Your answer must be an exact copy of the entries below, with no pictures in it.
(MATERIAL TO PROCESS Opens)
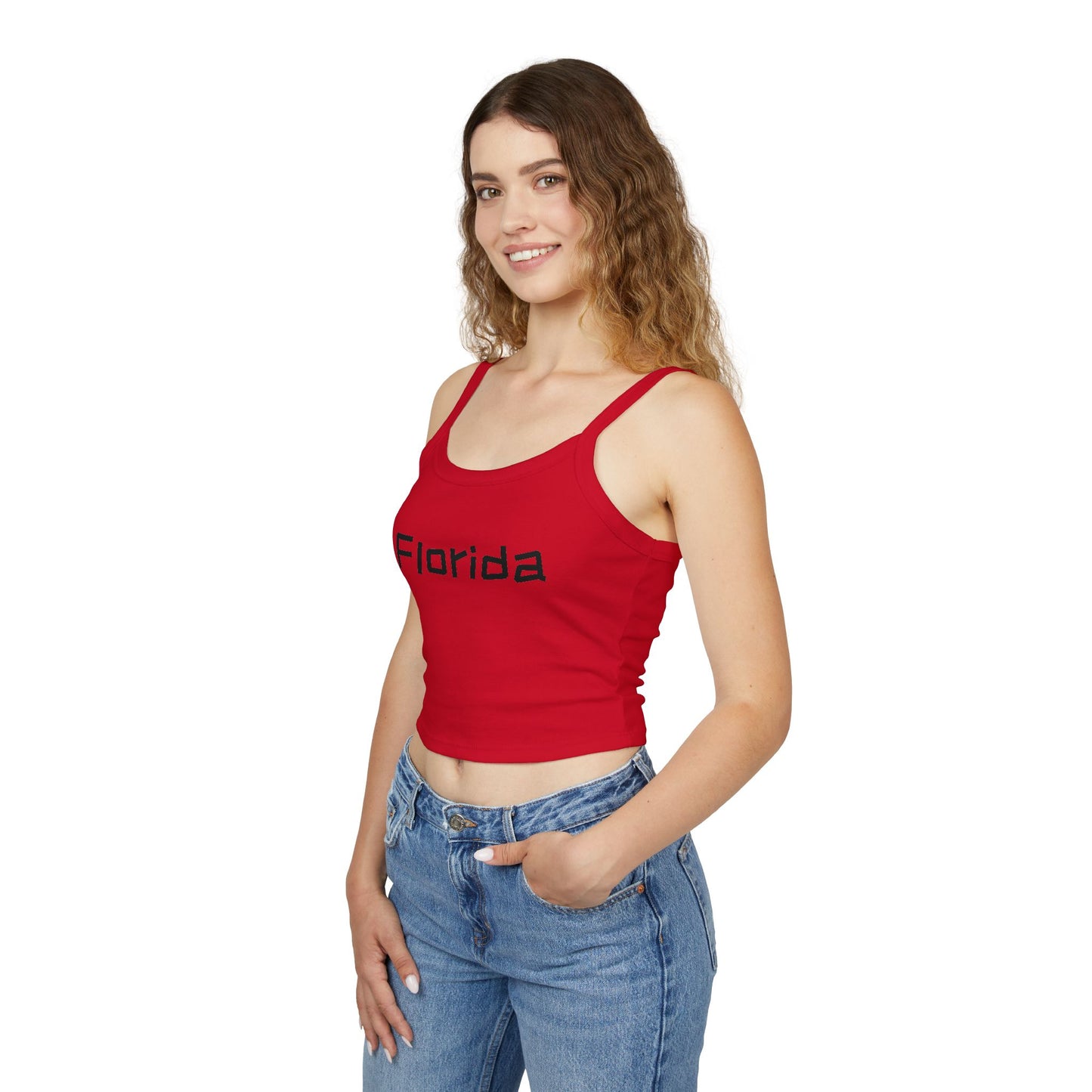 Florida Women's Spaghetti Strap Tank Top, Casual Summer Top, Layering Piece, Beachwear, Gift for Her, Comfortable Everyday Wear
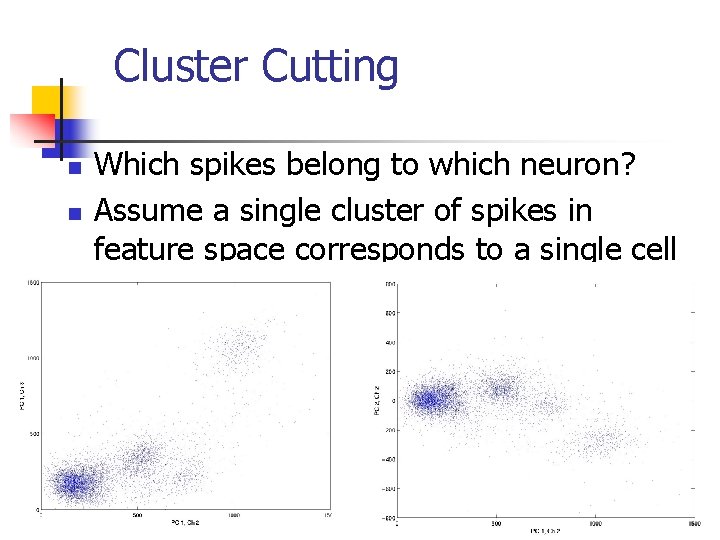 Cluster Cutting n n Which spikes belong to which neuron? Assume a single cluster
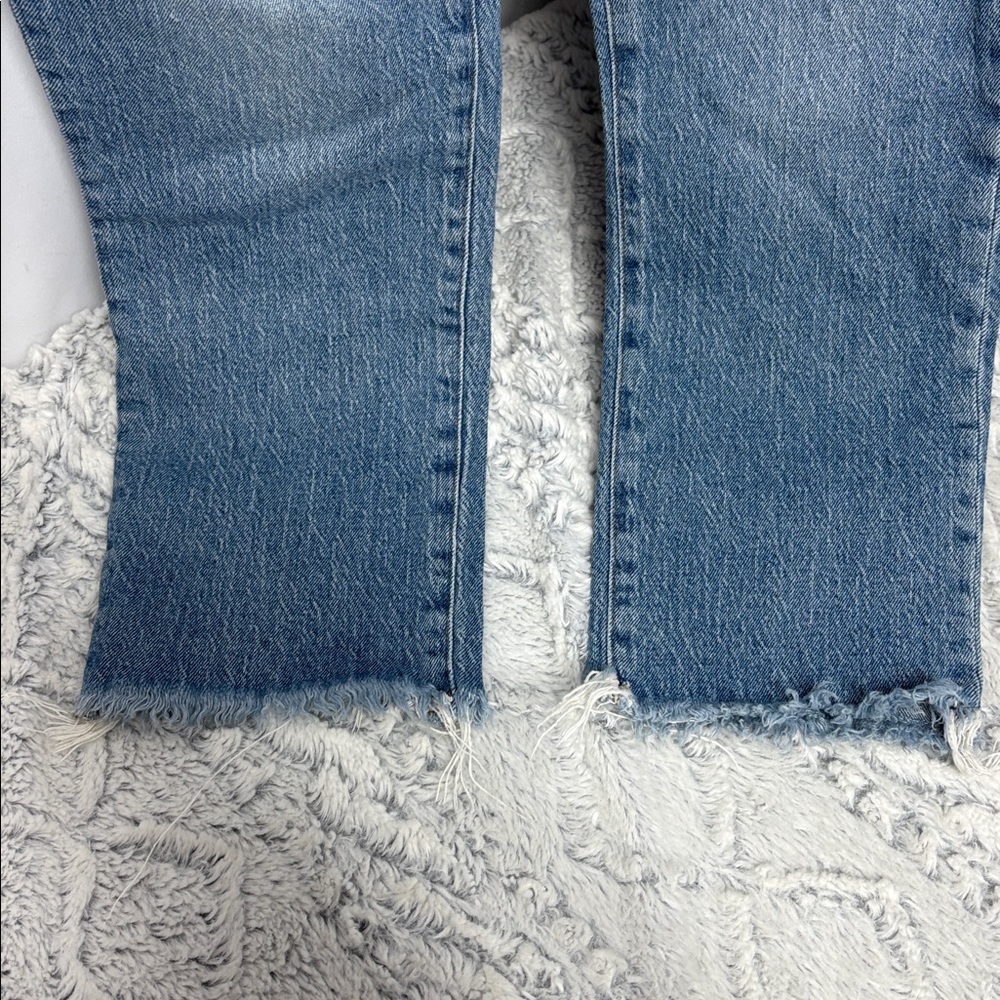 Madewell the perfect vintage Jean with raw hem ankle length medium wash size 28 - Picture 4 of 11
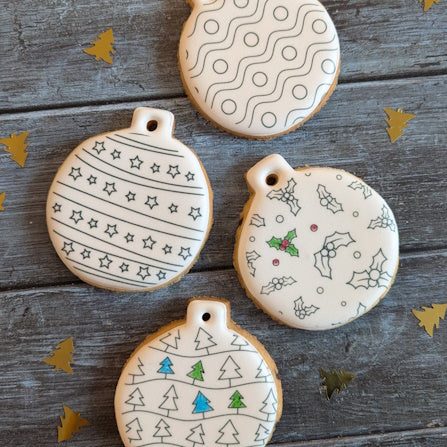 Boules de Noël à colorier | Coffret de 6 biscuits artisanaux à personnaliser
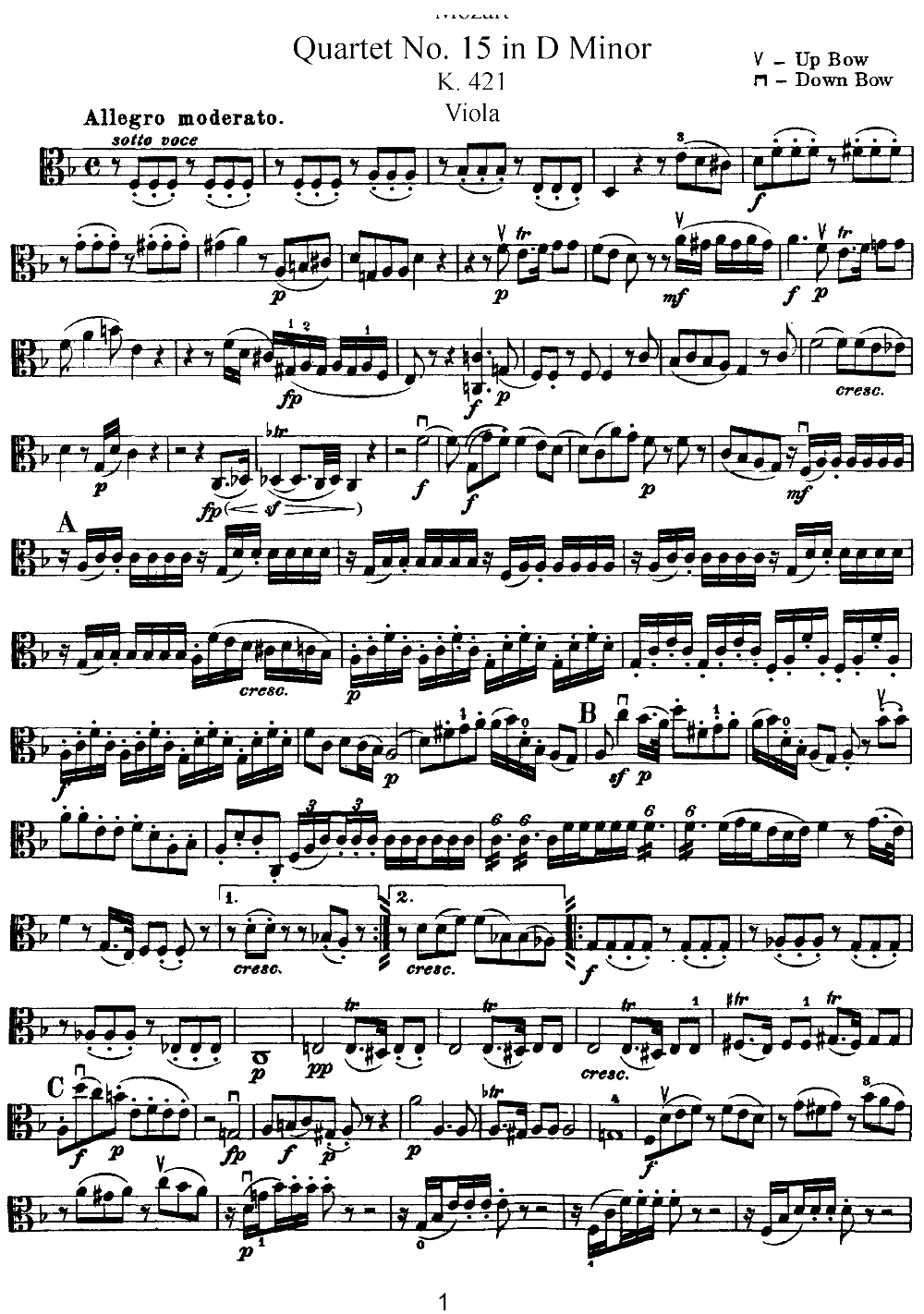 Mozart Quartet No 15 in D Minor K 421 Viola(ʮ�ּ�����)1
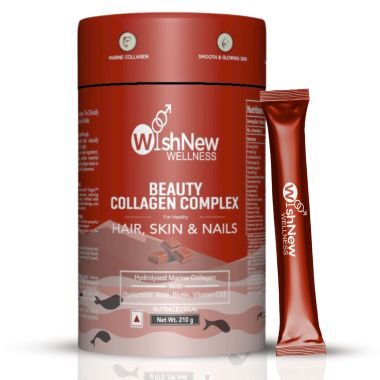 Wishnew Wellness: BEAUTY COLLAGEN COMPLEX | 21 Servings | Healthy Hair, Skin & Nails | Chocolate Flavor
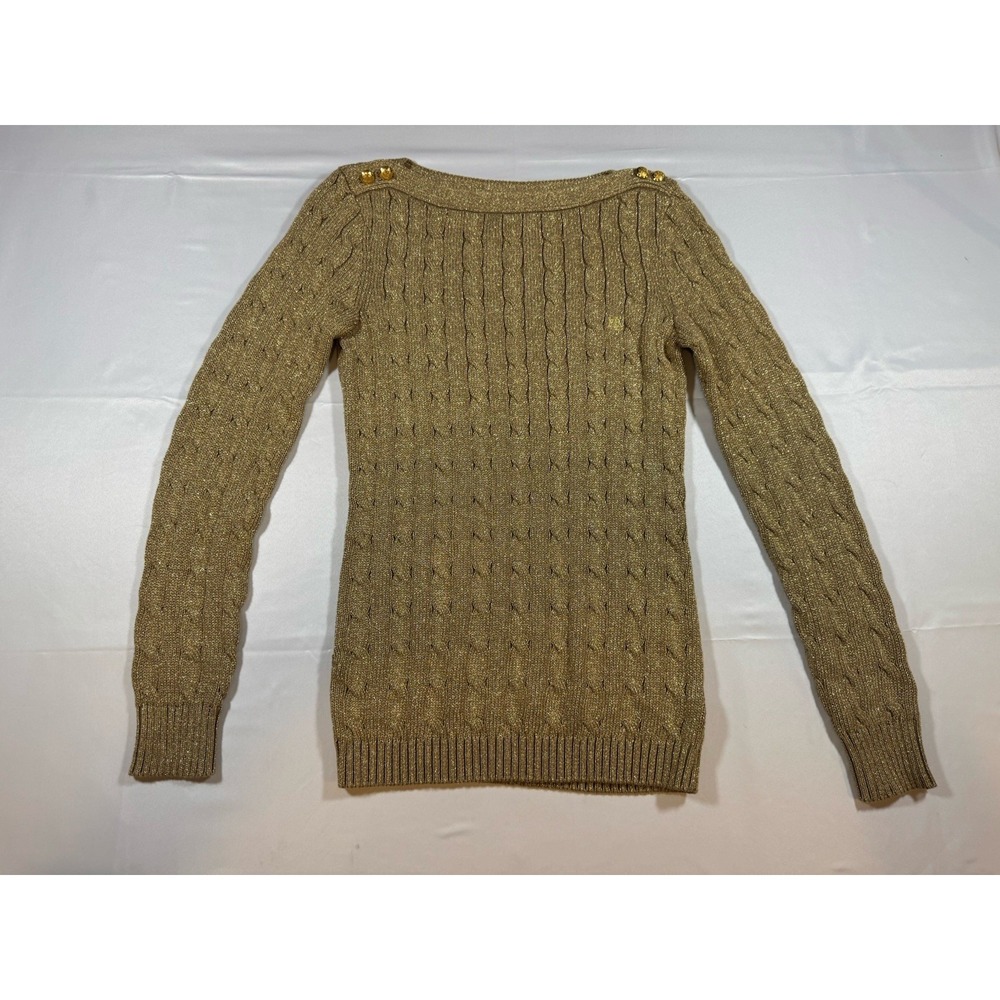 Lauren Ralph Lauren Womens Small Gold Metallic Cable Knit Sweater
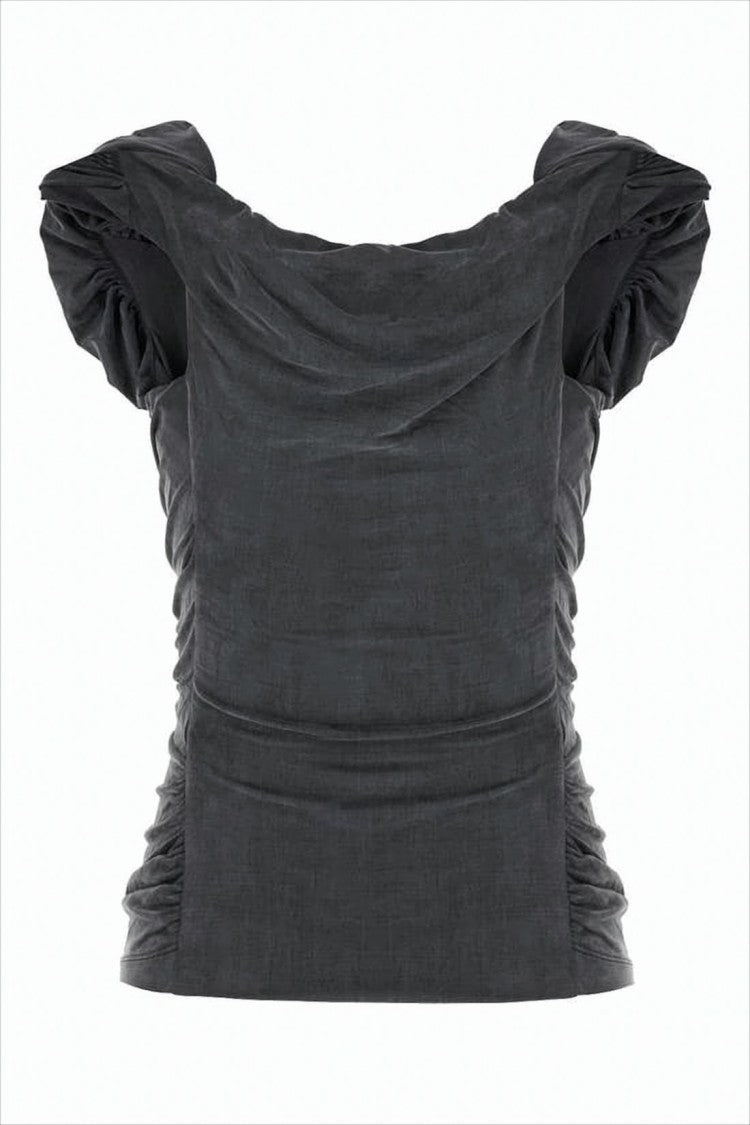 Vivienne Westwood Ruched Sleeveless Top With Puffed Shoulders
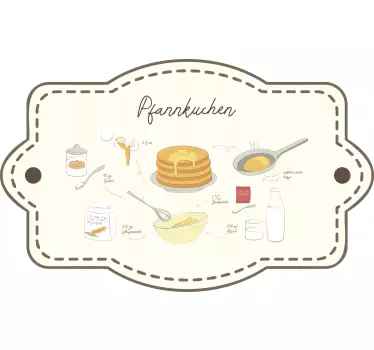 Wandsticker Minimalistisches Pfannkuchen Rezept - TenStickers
(MATERIAL TO PROCESS Closes)
■ RESPONSE AREA
 Florida Women's Spaghetti Strap Tank Top, Casual Summer Top, Layering Piece, Beachwear, Gift for Her, Comfortable Everyday Wear
 Cluster Cutting n n Which spikes belong to which neuron? Assume a single cluster
 Madewell the perfect vintage Jean with raw hem ankle length medium wash size 28 - Picture 4 of 11
 Boules de Noël à colorier | Coffret de 6 biscuits artisanaux à personnaliser
 Mozart Quartet No 15 in D Minor K 421 Viola(ʮ�ּ�����)1
 Wishnew Wellness: BEAUTY COLLAGEN COMPLEX | 21 Servings | Healthy Hair, Skin & Nails | Chocolate Flavor
 Lauren Ralph Lauren Womens Small Gold Metallic Cable Knit Sweater
 Vivienne Westwood Ruched Sleeveless Top With Puffed Shoulders
 Wandsticker Minimalistisches Pfannkuchen Rezept - TenStickers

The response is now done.